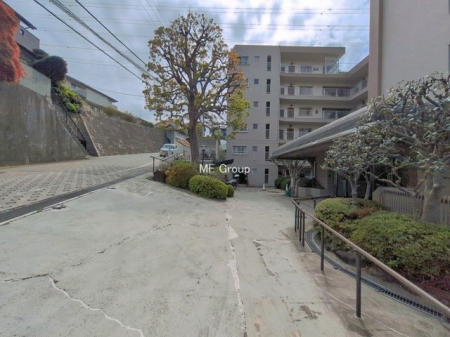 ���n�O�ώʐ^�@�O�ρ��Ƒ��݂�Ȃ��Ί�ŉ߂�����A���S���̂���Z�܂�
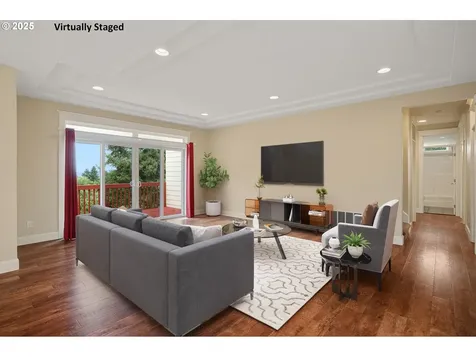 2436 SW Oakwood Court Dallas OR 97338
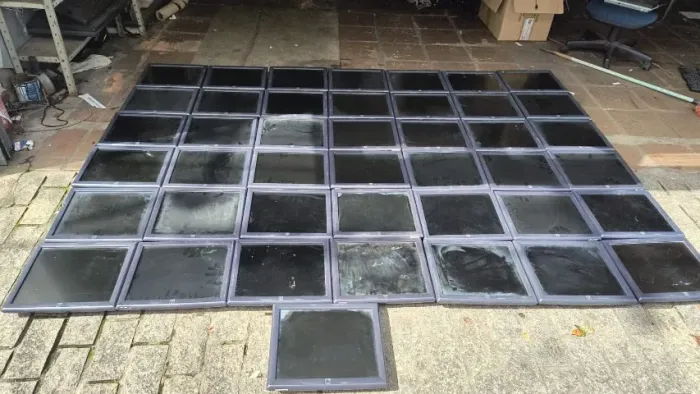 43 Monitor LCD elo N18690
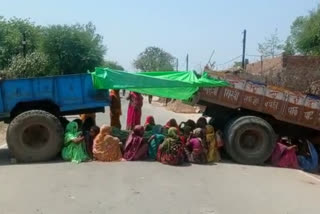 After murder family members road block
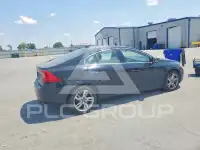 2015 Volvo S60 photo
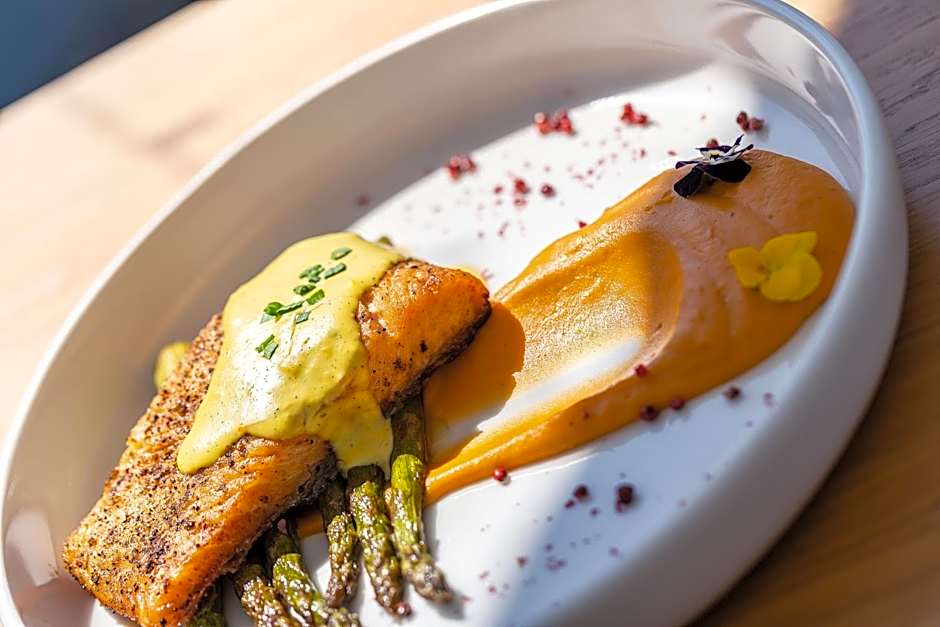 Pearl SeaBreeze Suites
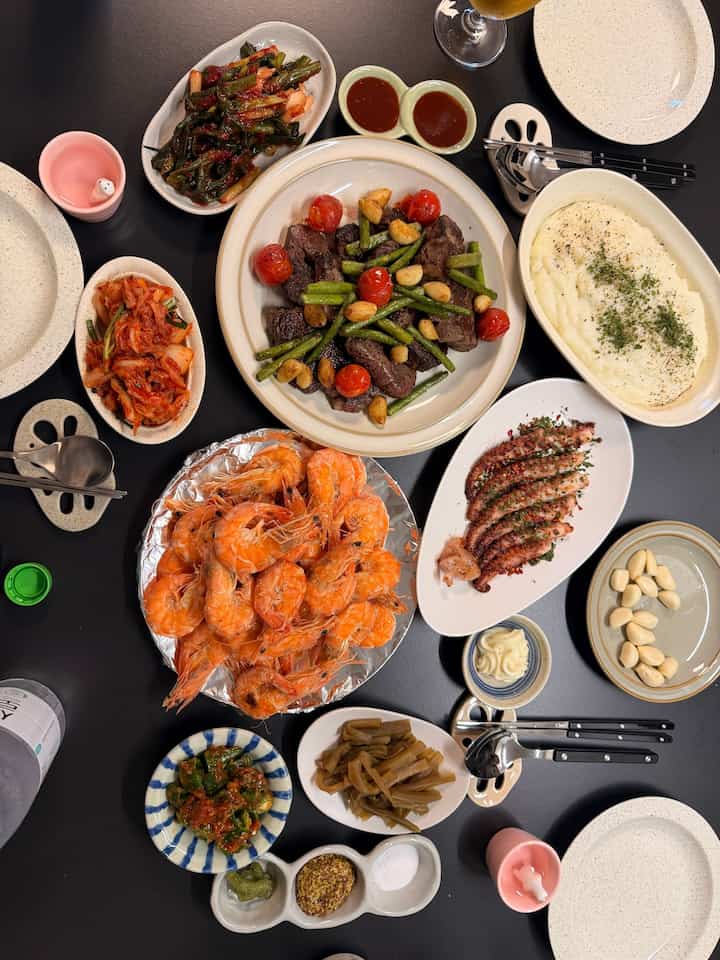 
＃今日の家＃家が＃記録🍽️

* WHAT IS EXPECTED: Every line above should be output exactly, except for the pictures.

* PROBLEM SOLUTION:
 ���n�O�ώʐ^�@�O�ρ��Ƒ��݂�Ȃ��Ί�ŉ߂�����A���S���̂���Z�܂�
 2436 SW Oakwood Court Dallas OR 97338
 43 Monitor LCD elo N18690
 After murder family members road block
 2015 Volvo S60 photo
 Pearl SeaBreeze Suites
＃今日の家＃家が＃記録🍽️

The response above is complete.